▶ Source records
□ □ □
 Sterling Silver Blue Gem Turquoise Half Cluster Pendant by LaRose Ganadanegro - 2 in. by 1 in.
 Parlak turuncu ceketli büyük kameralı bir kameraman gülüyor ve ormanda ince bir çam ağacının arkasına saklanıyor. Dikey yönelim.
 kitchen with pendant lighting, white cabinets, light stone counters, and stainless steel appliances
□ □ □
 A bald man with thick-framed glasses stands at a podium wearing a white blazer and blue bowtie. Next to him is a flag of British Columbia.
□ □ □
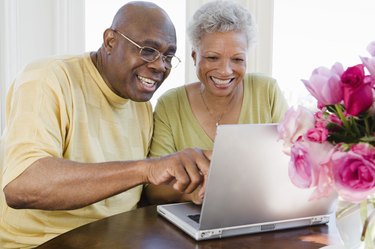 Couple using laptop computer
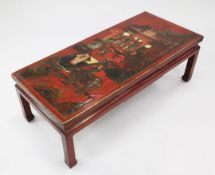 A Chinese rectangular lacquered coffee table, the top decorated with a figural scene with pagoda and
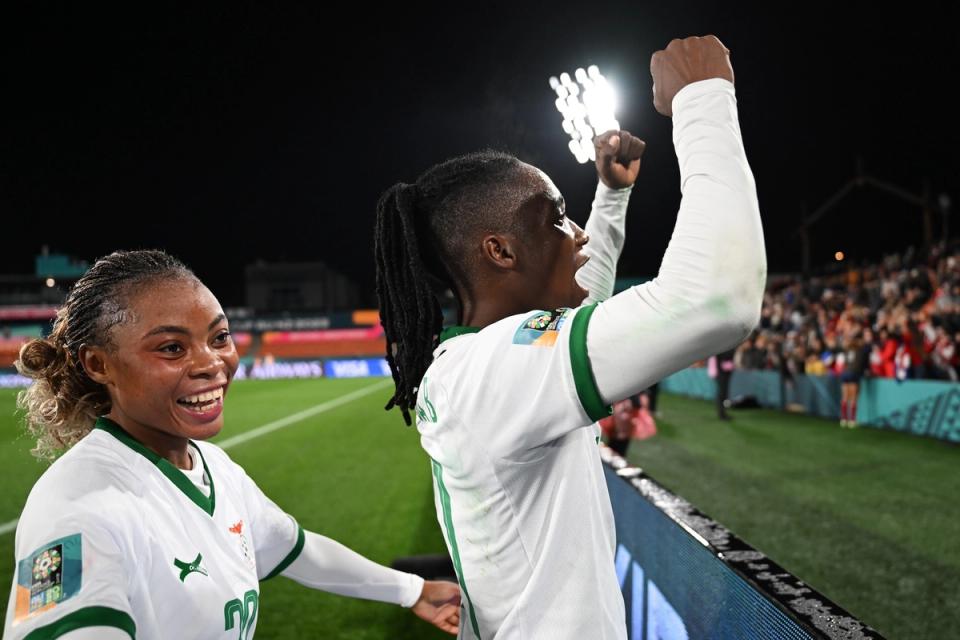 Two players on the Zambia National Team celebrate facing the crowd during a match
□ □ □
From the line containing "Sterling Silver Blue" down to the line containing "kitchen with pendant" in the material above, reproduce every line exactly, including the two end lines.

 Sterling Silver Blue Gem Turquoise Half Cluster Pendant by LaRose Ganadanegro - 2 in. by 1 in.
 Parlak turuncu ceketli büyük kameralı bir kameraman gülüyor ve ormanda ince bir çam ağacının arkasına saklanıyor. Dikey yönelim.
 kitchen with pendant lighting, white cabinets, light stone counters, and stainless steel appliances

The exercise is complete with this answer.